- Born: Robert Buford Pippin September 14, 1948 (age 77) Portsmouth, Virginia, U.S.

Academic background
- Education: Trinity College, Hartford Pennsylvania State University (PhD)
- Thesis: Kant and the Problem of Transcendental Philosophy: Unity and Form in the "Critique of Pure Reason" (1974)
- Doctoral advisor: Stanley Rosen
- Other advisor: Thomas Seebohm

Academic work
- Era: Contemporary philosophy
- Region: Western philosophy
- School or tradition: Postanalytic Hegelianism
- Doctoral students: Rachel Zuckert
- Notable students: Jon Stewart, James Kreines, Allen Speight, Dean Moyar
- Main interests: History of philosophy, epistemology, ethics, aesthetics, modernity, normativity
- Notable ideas: Non-metaphysical (or post-Kantian) interpretation of Hegel, Criticism of structuralism

= Robert Pippin =

American philosopher

Robert Buford Pippin (born September 14, 1948) is an American philosopher. He is the Evelyn Stefansson Nef Distinguished Service Professor at the John U. Nef Committee on Social Thought, the Department of Philosophy, and the college at the University of Chicago.

==Education and career==
Pippin grew up in Jacksonville, Florida. His father was Ramon (Buford) Pippin and his mother was Rita Doris (née Cote) Pippin. He had a brother, Richard "Chilli" Pippin.

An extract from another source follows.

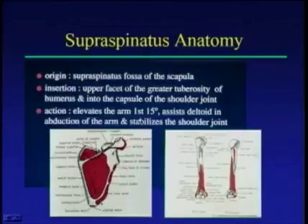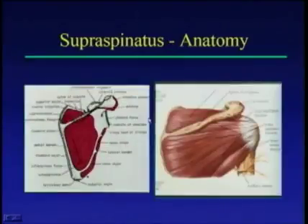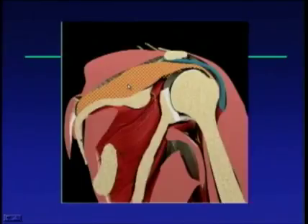Next, we look at the supraspinatus anatomy, the most important structure to evaluate in the shoulder joint. You're looking at the origin of the supraspinatus muscle and the insertion of the tendon on the greater tuberosity. The supraspinatus elevates the arm for the first 15 degrees, so patients with supraspinatus problems typically have difficulty elevating the arm in that first 15 degrees. The acromion sits on top, and when scanning anteriorly it will shadow onto the supraspinatus tendon, so you need to position the arm in a particular fashion to move away from this bony landmark.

No one in his family had attended college, and his father, the son of a sharecropper, left school after the sixth grade. He was encouraged by a high school teacher to attend Trinity College in Hartford, Connecticut, where he earned his B.A. in English in 1970. Though he initially aspired to be a fiction writer, he developed a deep interest in philosophy through the influence of several charismatic teachers. Pippin went on to earn his M.A. in philosophy (with a minor in Greek) in 1972, and subsequently his Ph.D. in Philosophy from Pennsylvania State University on August 31, 1974, writing a dissertation on Kant’s theory of form under the direction of Stanley Rosen.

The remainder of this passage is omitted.